One example of a correction looked quite modest:
resources:
requests:
cpu: "250m"
memory: "512Mi"
limits:
cpu: "500m"
memory: "1Gi"
Previously, in those same services, the requests had been nearly twice as high. On paper, that looked fairly “safe.” In practice, however, the company was paying for a comfort margin that the application almost never used. And that is exactly where real Resource Optimization begins. It is not about brutally cutting every resource, but about aligning them with the system’s actual behavior and real demand.
The first tangible change noticed by the team was the time spent auditing the cluster. Previously, a full audit took two days of work from two engineers. It required manual chart analysis, correlating costs with load, analyzing service behavior during peak hours, and then defending the conclusions in a meeting. After Kubecost and AI analysis were implemented, the same process was shortened to about four hours. That is roughly an 80% saving in the time spent on the analysis itself. Suddenly, the team had room for engineering work instead of “archaeological” digging through metrics.
The changes also had a very positive impact on costs. After the first month, compute costs fell by about 33%, and after full consolidation and proper rightsizing, the savings reached 37%. These numbers showed management that the decisions made had been the right ones. What is more, the changes also began to improve the company’s image. For what was probably the first time, the IT department stopped being associated only with maintaining infrastructure and reacting to problems, and started being seen as a team that analyzes and protects the budget. A team that makes decisions based on data and knows how to combine service stability with cost responsibility.
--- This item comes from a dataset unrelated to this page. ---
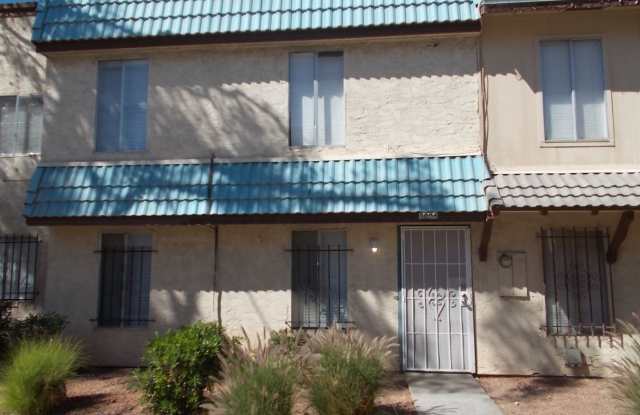 Charming 2-Story 3 Bedroom Townhome photos photos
This change was also extremely important for the team itself. Morale improved, part of the monotonous manual work disappeared, and people, convinced that their actions were producing tangible results, regained a sense of purpose in their engagement. That is highly valuable. Engineers stopped being the people who merely watched whether the platform was burning money again overnight. They became architects of the environment once more. Team meetings brought less complaining, fewer ironic jokes about expensive, “oversized” solutions, and more satisfaction from a job well done.
From an image and reputation standpoint, the company also benefited. The strongest proof was the fact that customers saw that DevOps could not only deliver uptime but also guard cost efficiency while maintaining quality. This matters because Resource Optimization is not an accounting add-on to infrastructure, but part of mature platform management. If an environment is efficient, stable, and financially sound at the same time, the team stops being a necessary cost. It starts becoming a business partner.
And perhaps that is the most important lesson in this story. AI, Kubecost, Cost Explorer, and Karpenter did not create a revolution because they were fashionable. They worked because they combined visibility, rightsizing, and automation into one optimized process. The premium cluster remained premium. Sized to the customer’s needs. “Tailored” to those needs like a well-fitted suit. And that was the difference that could be felt everywhere: in the budget and in the team’s mood. The feeling that the infrastructure was finally working intelligently became a milestone for further change. Change for the better.